Besides Dana Holgorsen’s team would make its own big time in the old school settings.
One big play at a time. Clayton Tune — who’s seemingly become even more Holgorsen’s quarterback amid all the noise, doubts and calls to bench him swirling from outside the program — converts a third-and-19, a third-and-17, a third-and-15, a third-and-10 and a third-and-12. All in the third quarter alone. He also completes 74 percent of his passes and does not throw a pick.
It’s not against a marquee opponent, but it’s a heck of a response nonetheless.

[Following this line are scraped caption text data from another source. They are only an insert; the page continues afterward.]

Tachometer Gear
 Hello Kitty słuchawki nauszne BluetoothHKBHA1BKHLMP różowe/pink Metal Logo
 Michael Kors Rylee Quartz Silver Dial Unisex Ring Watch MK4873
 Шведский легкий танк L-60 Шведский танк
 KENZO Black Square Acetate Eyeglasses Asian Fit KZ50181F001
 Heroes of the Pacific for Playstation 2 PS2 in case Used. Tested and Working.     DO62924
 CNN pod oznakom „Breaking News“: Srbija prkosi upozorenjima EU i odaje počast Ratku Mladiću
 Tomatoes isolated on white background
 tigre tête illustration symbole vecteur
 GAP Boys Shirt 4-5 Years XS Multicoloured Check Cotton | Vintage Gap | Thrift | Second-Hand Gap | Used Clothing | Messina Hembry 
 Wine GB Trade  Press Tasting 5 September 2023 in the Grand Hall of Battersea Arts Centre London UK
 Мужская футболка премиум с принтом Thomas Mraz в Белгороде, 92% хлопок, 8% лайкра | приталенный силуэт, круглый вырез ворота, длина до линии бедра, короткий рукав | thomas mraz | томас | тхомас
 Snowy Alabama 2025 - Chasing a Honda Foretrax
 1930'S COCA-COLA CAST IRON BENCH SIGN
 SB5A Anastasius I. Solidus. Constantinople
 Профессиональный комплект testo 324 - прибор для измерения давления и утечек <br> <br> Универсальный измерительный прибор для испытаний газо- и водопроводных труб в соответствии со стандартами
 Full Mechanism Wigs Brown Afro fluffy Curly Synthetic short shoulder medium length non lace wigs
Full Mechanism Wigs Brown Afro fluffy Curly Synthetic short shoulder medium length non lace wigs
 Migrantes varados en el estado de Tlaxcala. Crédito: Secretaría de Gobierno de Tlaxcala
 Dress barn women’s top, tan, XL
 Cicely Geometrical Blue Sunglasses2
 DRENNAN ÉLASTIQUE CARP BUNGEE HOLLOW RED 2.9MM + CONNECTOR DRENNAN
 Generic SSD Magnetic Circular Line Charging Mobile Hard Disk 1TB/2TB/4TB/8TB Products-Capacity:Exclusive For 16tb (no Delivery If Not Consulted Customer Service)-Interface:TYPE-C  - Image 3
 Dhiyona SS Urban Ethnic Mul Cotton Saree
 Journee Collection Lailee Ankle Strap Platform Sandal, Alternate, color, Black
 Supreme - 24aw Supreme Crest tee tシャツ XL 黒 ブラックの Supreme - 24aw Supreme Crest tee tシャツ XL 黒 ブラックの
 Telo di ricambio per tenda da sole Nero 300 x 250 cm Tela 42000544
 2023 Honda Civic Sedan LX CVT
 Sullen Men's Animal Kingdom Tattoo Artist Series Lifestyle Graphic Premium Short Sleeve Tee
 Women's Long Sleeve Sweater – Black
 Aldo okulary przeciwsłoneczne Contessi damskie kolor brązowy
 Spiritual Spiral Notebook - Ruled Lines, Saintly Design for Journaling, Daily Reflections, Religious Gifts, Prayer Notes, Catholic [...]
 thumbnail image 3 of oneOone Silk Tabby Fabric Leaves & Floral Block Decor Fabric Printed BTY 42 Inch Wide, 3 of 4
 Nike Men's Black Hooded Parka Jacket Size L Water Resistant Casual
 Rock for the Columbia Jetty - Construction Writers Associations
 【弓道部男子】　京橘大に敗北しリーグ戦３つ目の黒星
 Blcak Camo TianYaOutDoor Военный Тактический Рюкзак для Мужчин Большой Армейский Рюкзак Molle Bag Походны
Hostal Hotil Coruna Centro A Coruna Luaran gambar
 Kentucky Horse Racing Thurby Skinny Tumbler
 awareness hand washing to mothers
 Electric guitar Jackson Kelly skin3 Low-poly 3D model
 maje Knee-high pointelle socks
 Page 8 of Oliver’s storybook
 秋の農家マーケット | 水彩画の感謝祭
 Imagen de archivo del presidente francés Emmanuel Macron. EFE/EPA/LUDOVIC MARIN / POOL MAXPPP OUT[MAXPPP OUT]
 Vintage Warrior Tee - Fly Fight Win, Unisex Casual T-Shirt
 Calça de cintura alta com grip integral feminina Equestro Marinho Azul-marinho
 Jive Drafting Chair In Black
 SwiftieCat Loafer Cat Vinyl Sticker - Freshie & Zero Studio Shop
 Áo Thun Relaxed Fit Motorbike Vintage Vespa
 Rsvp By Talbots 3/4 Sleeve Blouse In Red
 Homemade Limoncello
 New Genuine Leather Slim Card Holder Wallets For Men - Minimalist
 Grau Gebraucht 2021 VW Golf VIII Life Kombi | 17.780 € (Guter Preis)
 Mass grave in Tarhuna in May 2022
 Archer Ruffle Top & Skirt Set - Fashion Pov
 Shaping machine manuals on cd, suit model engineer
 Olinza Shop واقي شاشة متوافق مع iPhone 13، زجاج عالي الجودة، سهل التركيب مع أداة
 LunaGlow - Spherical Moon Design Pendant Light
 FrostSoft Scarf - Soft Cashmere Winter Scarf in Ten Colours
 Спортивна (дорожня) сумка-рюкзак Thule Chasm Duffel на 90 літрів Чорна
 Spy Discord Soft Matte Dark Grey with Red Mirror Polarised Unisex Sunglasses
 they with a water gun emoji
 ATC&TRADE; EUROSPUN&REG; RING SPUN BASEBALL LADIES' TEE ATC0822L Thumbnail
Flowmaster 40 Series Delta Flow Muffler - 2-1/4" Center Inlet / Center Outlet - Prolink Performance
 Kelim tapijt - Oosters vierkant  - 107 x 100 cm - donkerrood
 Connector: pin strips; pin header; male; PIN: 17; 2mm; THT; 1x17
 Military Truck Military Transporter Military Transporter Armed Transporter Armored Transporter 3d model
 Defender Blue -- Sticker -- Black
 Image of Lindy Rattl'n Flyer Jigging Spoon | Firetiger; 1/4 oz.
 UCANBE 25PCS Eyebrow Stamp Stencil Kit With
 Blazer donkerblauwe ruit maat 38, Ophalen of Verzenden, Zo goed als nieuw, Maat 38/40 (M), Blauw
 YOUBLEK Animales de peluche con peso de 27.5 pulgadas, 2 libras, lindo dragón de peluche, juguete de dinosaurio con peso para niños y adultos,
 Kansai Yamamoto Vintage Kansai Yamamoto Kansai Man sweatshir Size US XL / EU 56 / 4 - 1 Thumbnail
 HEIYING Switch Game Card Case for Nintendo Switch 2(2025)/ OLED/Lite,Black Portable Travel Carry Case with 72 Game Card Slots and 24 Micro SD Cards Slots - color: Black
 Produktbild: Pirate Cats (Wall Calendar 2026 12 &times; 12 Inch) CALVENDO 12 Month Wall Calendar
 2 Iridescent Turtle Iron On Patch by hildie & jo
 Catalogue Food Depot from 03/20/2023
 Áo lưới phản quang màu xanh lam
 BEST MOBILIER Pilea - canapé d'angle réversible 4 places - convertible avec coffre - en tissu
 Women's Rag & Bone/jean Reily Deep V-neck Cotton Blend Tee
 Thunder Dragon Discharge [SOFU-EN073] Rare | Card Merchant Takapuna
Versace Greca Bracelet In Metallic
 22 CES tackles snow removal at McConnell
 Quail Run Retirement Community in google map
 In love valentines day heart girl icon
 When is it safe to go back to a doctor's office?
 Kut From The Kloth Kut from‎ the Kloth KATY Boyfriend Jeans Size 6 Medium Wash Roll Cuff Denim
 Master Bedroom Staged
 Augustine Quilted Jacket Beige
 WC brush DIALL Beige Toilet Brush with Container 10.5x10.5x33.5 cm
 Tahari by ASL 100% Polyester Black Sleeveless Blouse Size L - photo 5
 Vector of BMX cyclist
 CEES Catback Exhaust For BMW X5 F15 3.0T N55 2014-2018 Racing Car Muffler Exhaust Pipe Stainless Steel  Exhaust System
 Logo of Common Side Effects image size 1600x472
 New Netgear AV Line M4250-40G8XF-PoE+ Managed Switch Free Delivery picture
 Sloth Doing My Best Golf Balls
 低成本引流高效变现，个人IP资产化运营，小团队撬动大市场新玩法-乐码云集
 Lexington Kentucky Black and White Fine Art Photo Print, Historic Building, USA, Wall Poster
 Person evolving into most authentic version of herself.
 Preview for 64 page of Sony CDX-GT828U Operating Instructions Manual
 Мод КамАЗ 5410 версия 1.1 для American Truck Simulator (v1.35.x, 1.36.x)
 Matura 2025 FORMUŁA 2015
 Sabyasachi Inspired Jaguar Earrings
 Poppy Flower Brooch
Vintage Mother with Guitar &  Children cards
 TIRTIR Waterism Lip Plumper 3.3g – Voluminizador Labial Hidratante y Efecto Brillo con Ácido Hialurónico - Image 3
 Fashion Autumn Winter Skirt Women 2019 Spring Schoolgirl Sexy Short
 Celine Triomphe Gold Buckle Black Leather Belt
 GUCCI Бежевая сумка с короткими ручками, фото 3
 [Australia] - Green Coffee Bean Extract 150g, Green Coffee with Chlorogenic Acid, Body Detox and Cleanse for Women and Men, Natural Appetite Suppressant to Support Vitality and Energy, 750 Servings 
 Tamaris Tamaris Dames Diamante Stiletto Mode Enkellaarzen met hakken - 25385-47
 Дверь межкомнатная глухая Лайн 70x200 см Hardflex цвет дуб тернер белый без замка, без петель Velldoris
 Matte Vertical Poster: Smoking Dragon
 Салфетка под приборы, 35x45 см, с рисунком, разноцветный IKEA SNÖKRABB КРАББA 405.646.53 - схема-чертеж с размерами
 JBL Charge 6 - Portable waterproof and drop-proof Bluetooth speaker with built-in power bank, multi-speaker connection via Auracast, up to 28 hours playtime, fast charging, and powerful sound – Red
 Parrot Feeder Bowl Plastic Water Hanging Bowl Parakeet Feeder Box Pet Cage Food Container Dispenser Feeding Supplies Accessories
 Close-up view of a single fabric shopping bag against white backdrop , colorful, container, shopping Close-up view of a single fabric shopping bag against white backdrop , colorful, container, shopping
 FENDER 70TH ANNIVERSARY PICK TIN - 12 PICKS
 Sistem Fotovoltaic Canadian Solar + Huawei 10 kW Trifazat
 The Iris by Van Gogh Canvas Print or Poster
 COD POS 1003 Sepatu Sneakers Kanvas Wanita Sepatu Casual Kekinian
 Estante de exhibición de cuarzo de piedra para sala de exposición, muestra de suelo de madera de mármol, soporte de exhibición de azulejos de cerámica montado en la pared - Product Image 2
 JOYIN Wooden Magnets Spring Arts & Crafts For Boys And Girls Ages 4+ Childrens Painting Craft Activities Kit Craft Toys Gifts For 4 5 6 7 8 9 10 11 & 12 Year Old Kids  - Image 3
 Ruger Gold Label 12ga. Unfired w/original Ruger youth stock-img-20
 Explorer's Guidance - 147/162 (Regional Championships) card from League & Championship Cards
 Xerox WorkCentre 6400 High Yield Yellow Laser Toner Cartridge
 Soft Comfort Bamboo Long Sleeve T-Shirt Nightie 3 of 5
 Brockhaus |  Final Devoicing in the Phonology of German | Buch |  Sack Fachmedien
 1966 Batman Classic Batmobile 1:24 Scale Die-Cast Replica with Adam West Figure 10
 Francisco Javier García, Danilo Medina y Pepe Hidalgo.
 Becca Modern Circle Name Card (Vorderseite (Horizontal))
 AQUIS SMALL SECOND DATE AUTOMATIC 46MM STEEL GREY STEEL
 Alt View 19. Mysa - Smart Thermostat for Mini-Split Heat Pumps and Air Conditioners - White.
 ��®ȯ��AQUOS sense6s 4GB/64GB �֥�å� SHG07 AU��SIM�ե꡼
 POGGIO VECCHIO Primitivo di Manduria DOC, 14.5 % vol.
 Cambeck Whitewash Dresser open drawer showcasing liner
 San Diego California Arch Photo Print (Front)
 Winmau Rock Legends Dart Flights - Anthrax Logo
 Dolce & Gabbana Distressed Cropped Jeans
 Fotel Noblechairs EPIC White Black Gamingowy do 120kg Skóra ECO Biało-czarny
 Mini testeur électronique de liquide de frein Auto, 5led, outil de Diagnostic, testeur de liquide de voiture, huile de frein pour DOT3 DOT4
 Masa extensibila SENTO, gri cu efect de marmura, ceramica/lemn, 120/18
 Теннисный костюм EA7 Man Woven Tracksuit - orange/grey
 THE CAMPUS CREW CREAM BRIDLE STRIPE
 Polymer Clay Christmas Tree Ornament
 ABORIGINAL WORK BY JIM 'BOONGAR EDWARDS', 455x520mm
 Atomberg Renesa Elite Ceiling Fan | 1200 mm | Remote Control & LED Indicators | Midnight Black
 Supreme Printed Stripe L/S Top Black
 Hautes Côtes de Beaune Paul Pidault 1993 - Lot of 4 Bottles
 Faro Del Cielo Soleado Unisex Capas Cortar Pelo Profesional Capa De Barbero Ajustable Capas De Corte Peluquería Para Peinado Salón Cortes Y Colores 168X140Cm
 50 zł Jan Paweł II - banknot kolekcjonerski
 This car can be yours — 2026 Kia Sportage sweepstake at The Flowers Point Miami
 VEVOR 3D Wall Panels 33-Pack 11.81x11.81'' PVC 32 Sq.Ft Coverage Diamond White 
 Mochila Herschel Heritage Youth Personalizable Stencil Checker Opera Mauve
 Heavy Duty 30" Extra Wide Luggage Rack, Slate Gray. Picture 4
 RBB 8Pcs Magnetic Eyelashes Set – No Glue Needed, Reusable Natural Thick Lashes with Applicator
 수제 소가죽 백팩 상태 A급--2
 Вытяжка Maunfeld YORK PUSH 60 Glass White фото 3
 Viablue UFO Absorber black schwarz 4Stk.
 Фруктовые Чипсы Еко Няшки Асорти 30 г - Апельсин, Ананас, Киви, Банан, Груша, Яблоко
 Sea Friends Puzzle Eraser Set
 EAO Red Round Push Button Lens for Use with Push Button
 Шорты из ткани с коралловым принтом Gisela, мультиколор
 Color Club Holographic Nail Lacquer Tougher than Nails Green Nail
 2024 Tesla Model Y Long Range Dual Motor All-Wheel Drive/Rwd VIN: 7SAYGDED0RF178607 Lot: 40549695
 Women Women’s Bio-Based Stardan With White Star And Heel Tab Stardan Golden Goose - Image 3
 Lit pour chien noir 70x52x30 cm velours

“I talked to him,” Nathaniel Dell, Tune’s favorite target, says of his QB. “I just told him to keep his head up. Like we got him. We wasn’t worried about what the outside was saying. We were just focused on us. That’s what we preach throughout the organization. Just focus on us.
“So he was like OK. You know, just let it go with a shrug. He wasn’t too much stressing that. We was just moving on to the next week.”
McCaskill helps give UH a chance to move onto to a whole new era. But he’s still an 18-year-old in a sport that is not always kind to true freshmen. When McCaskill only touched the ball five times — and gained only five total yards on those touches — in the season opening loss to Texas Tech, some eyebrows raised.
Maybe, a major first year impact was too much to ask. . .
“I think that’s just the start of what he’s going to become.” — UH coach Dana Holgorsen on freshman Alton McCaskill
Turns out, a week — and a little more health — is all it took. McCaskill touches the ball 18 times against Rice and produces 92 yards and those three touchdowns. He gets the hard yards running inside the tackles. And he shows the speed that made him a high school sprinter able to clock a 10.91 100-yard dash time on a few dynamic ones. Including a second near touchdown catch.
From shedding a knee brace to taking over a game. . .
Just one of Dana’s Guys getting it done. It’s a start. And maybe, just maybe, a flash of a UH future that may be coming faster than many realize. Playmakers make hanging out in your backyard a lot more fun.